Des arbres aux grandes feuilles longeaient le bord de la route qu'Hadvar parcourait d'un pas vif. Tenant compte du froid matinal, il portait un grand manteau confortable avec des gants. À sa taille se trouvaient deux pistolets aux crosses en noyer et aux montures en bronze pouvant être serties.
Il ne s'en séparait jamais. C'était un précieux cadeau offert par Rachel, le jour où un marchand ambulant était passé dans leur village. « Ce n'est pas tous les jours qu'on peut acquérir de nouvelles armes, en plus ces pistolets auraient appartenu à un ancien soldat. J'espère qu'ils te plairont et que tu sauras en faire bon usage. » lui avait-elle dit ce jour là.

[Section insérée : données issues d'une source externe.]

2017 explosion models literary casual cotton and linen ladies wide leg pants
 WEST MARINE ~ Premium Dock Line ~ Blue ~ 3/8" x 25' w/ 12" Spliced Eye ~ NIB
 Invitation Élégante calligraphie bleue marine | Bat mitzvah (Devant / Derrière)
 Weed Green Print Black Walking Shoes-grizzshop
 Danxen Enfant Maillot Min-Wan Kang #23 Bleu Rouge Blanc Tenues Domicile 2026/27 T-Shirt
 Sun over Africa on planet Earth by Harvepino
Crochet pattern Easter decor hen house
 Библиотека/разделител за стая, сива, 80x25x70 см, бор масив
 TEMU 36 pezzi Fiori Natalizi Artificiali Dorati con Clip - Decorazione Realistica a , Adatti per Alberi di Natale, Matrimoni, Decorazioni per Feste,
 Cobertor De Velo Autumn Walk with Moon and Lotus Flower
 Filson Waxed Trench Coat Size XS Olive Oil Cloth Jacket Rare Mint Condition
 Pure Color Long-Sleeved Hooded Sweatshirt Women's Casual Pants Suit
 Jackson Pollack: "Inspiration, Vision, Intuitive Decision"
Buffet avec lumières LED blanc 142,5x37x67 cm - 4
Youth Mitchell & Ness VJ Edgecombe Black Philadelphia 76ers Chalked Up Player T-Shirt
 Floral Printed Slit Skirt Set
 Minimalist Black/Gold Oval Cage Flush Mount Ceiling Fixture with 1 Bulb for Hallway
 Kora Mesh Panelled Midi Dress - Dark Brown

Un son mélodieux retentit. Un feu-follet apparut près de lui et vint se poser sur son épaule. Une lueur argentée passa dans ses yeux bleus, et il esquissa un sourire. La présence de cette petite créature de Lumière procurait un sentiment de bien-être et de sérénité. Les villageois croyaient en l'existence d'un esprit de Lumière, mère des feu-follets et gardienne de la forêt, mais pour Hadvar, tout ceci n'était qu'un mythe. Personne ne pouvait prétendre l'avoir vu.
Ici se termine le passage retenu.